> [Task item]: Print every line from the start of the data, and when you reach the line with "Vespa 50 3 of 5", include it and stop. Pictures are not part of the copy.

─── Records for this exercise

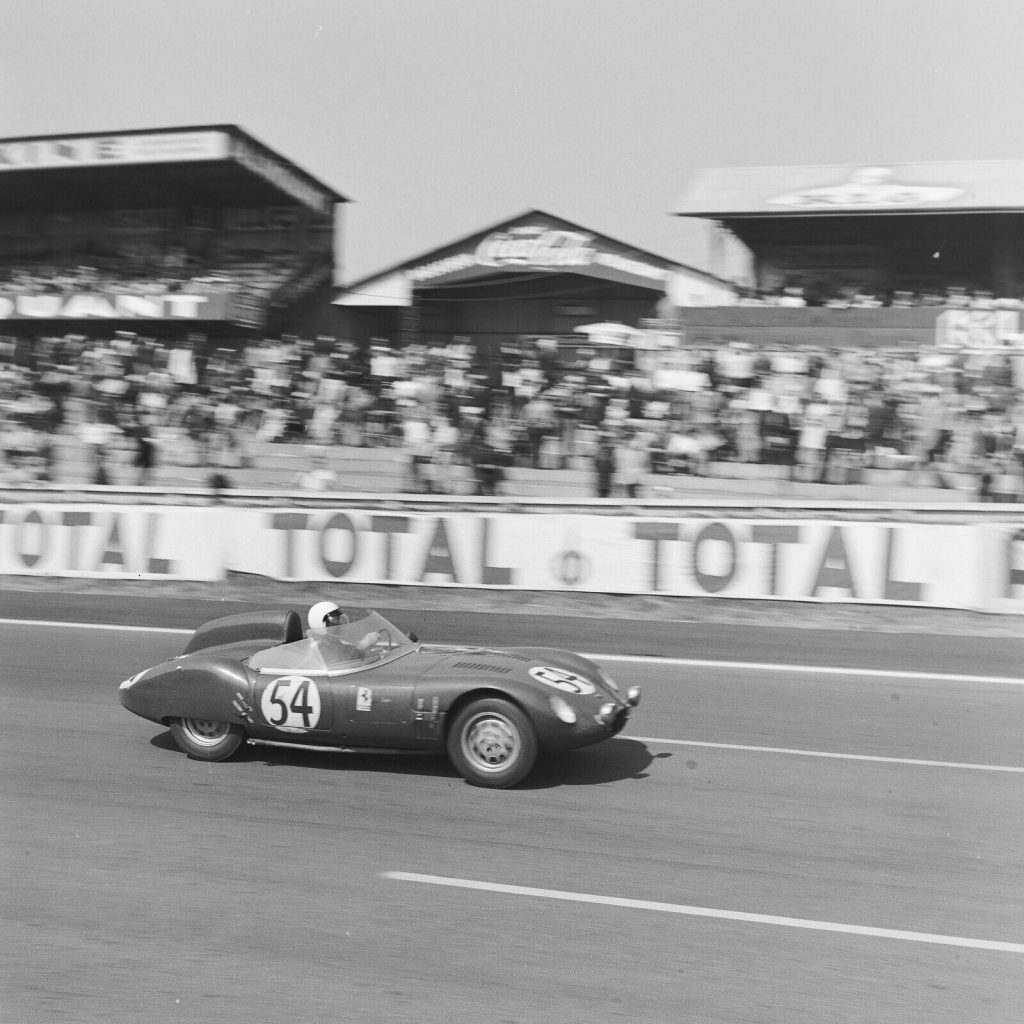 Photo papier argentique 24 HEURES DU MANS 1960 format 30x30cm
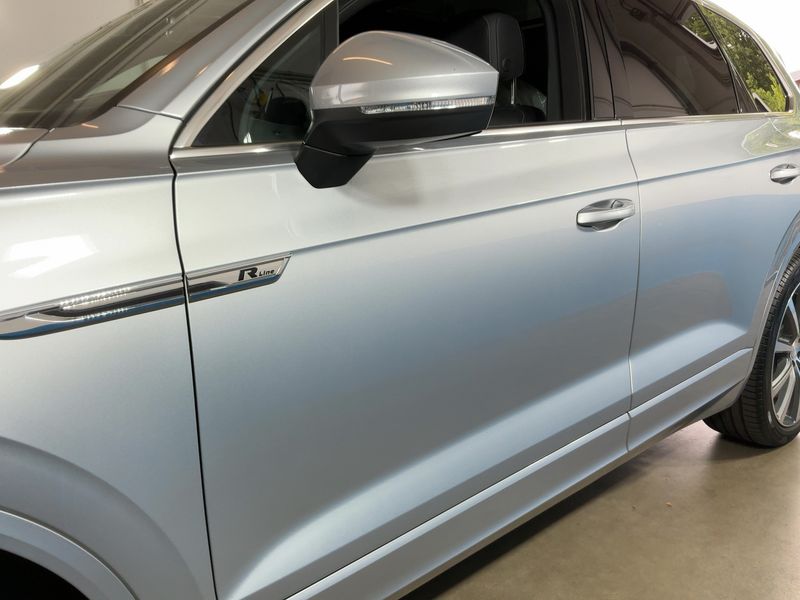 Volkswagen Touareg 4.0 TDI R-Line 4Motion 2019 – снимка 4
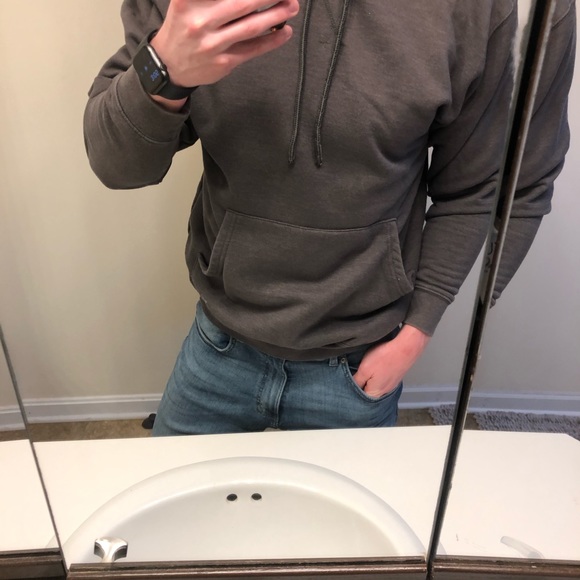 Xersion Men’s Medium Gray “XTREME STORM” Sweat - Picture 3 of 4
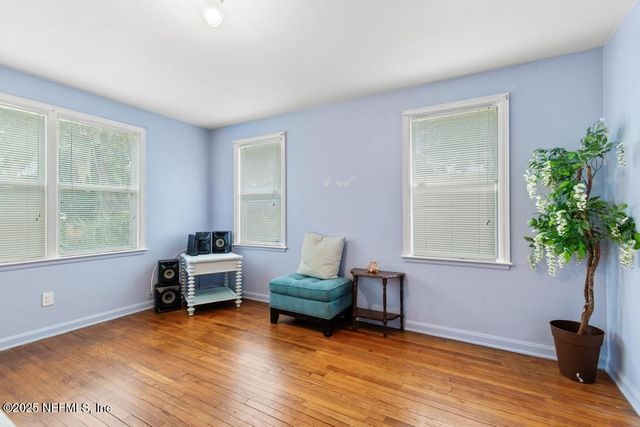 433 W 70TH Street, Jacksonville, FL 32208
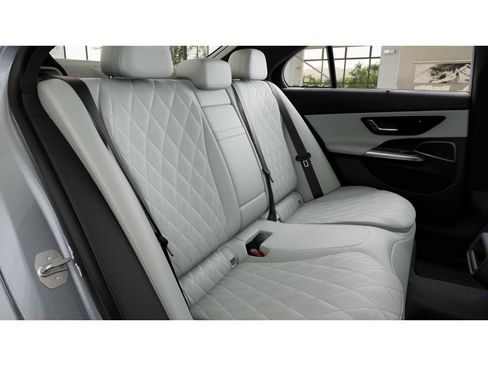 New 2026 Mercedes-Benz E 450 4MATIC Sedan image 5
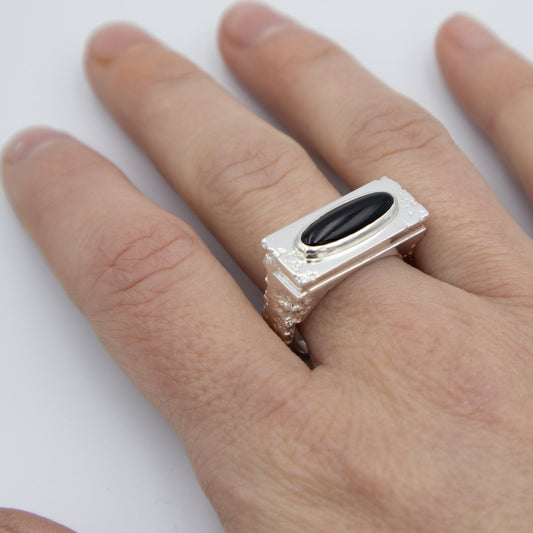 Svärta - Emmeli Holm Metallformgivning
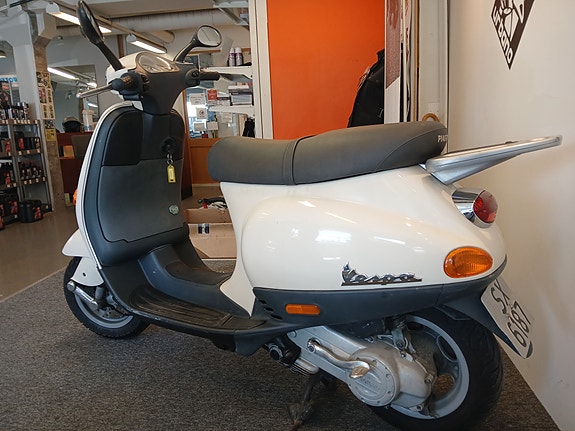 Vespa 50 3 of 5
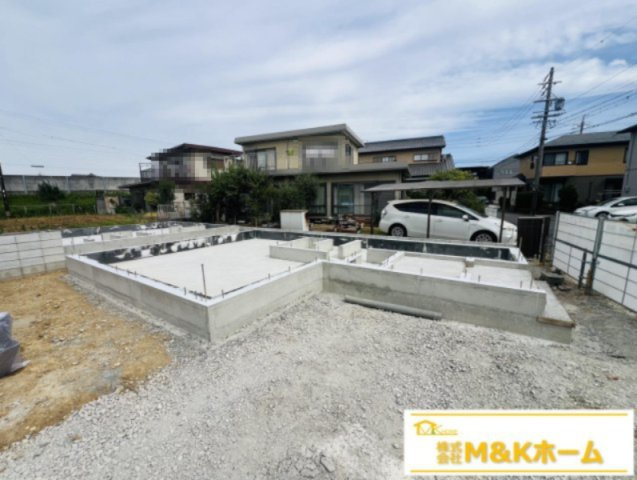 半田市花園町6丁目　全2棟　1号棟の前面道路含む現地写真|R8.7.29撮影　前道約5.9ｍ！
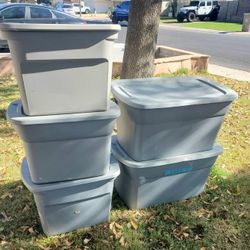 5 Plastic Storage Containers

──────

> [Solution for this task]:
 Photo papier argentique 24 HEURES DU MANS 1960 format 30x30cm
 Volkswagen Touareg 4.0 TDI R-Line 4Motion 2019 – снимка 4
 Xersion Men’s Medium Gray “XTREME STORM” Sweat - Picture 3 of 4
 433 W 70TH Street, Jacksonville, FL 32208
 New 2026 Mercedes-Benz E 450 4MATIC Sedan image 5
 Svärta - Emmeli Holm Metallformgivning
 Vespa 50 3 of 5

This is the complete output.